Whether ML-based or not, a software component always meets certain requirements: It is developed in a certain business context; there are objectives to be achieved; the component is supposed to bring added value; it has a cost and may involve risks. Stakeholders, expected usage scenarios, and key performance indicators (KPIs) are usually defined during this phase. Compared to more "classical" software components, ML components bring some specific requirements with them. For example, a business objective must be transformed into a clear analysis objective (e.g., grouping customers into different segments based on their purchase history). The way to evaluate its success needs to be established (e.g., a new web shop feature improves the click rate by x percentage points, as measured in an A/B test). The business context imposes assumptions and constraints on how components are designed and built (e.g., the ML component must run on an embedded device, so time and memory complexity must be limited), on data availability (i.e., what data has been collected or can be collected and labeled), and on requirements for privacy, safety, security, fairness, etc. It also affects choices regarding how to select and evaluate models (e.g., the ML model should not have a false alarm rate greater than x%), how to handle changes in concepts and distribution, and how to perform new training (e.g., run data should be sufficiently similar to training data—up to a certain notion of similarity, an alarm should be triggered when the model extrapolates).

Data understanding

The data understanding phase can be seen as a requirement engineering phase specifically directed towards the data (it usually goes hand in hand with the business understanding phase). Indeed, the type of analysis method and the corresponding evaluation measures that can be used depend on several data-related factors (besides the analysis objective): the type of data available (e.g., unstructured data like text or images vs. structured data like tabular data), whether some ground truth is available (see the discussion in the previous section), the quality of the data (e.g., its resolution, its representativity; whether noise, outliers, or missing values are present, etc.), and how the data is gathered.

Data preparation

Together with the modeling phase, the data preparation phase belongs to the concretization phase of the ML component. Here, several artifacts are implemented in order to transform the raw data into data that can be fed into analysis methods. The way the data is prepared (e.g., labeling, removal, or imputation of outliers or missing data, features engineering, features selection) have a cost and an impact on the quality of the analysis results. Several data preparation algorithms use internal models and posit some hypotheses about the data (e.g., the data follows a Gaussian distribution), which might not coincide with reality. Additionally, adjustments need to be made depending on privacy requirements (e.g., anonymization of sensitive features) or fairness requirements (e.g., preferential sampling). Data used for model building and model evaluation might also originate from different sources (e.g., simulation vs. real data), be distributed differently, and require different data preparation steps.

Modeling

The modeling phase is probably the tip of the iceberg when it comes to developing ML components. This is where methods such as ML are applied to form and evaluate the artifacts that make up the component. As previously mentioned, this phase is strongly linked to the data preparation phase. In general, an ML component is composed of several sub-components from these two phases. The quality of the ML model is impacted by several aspects: the type of task to be solved (e.g., classification, clustering, regression, anomaly detection, dimensionality reduction, etc.), the type of model (neural network, decision tree, etc.), the data used for building (i.e., training), and evaluating the developed artifacts, as well as the manner in which the data is separated for training and validation, together with requirements on runtime complexity or safety constraints. Since the way the component is created is experimental, the way these experiments are managed (using hyper-parameter search, cross-validation, independent train-test split) also plays a role in terms of quality. The modeling phase also contains an evaluation part that aims at evaluating the trained component with regard to the available data. It does so by measuring performance measures (such as precision, recall, etc. for classification tasks), performing sensitivity analysis, or testing against adversarial examples.

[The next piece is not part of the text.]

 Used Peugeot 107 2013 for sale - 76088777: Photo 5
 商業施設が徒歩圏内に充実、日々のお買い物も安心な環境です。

Deployment (and operation)

The original paper left the operating phase out. For our purpose, we include it. The quality at runtime is impacted by the data that flows into the ML component (e.g., the runtime data should have similar characteristics as the training and evaluation data to make reliable assumptions on the model performance). Therefore, monitoring the dataflow, the application context, and the ML component’s behavior (e.g., by estimating the output uncertainty of the ML model) is needed in order to evaluate its quality. The second point is that operation requirements (such as real-time constraints or the runtime architecture) may differ from those during development. Indeed, an ML component may require large amounts of data as well as specific libraries and hardware architectures (such as GPUs) to be built (trained). However, once developed, this component may have to be deployed in a totally different environment (e.g., in a mobile device using a different programming language). Here, the way the deployment is managed (for example, by using exchange formats such as ONNX or PMML, by using versioning and automated CI/CD tools, etc.) also impacts the quality of the ML system. The deployment phase may also introduce evaluation methods such as integration testing or runtime monitoring.

Evaluation

This was originally defined as the 5th phase, and its goal is to answer whether the ML component properly achieves the business objectives. Note that the modeling phase and possibly the deployment phase also contain an evaluation part. Here, however, the objective is to evaluate the system from a business perspective. In other words, does the system meet the KPIs defined above? This could be done, for example, through controlled experiments such as A/B tests. This allows creating feedback loops in order to select which version of an ML component gives the best results (from a business perspective). The first thing to notice is that in order to perform such an evaluation, the goals, the measures, and the methodology of the experiment have to be defined. These experiments may involve external software components (such as traffic redirection) whose internal quality may impact the way an ML component is evaluated.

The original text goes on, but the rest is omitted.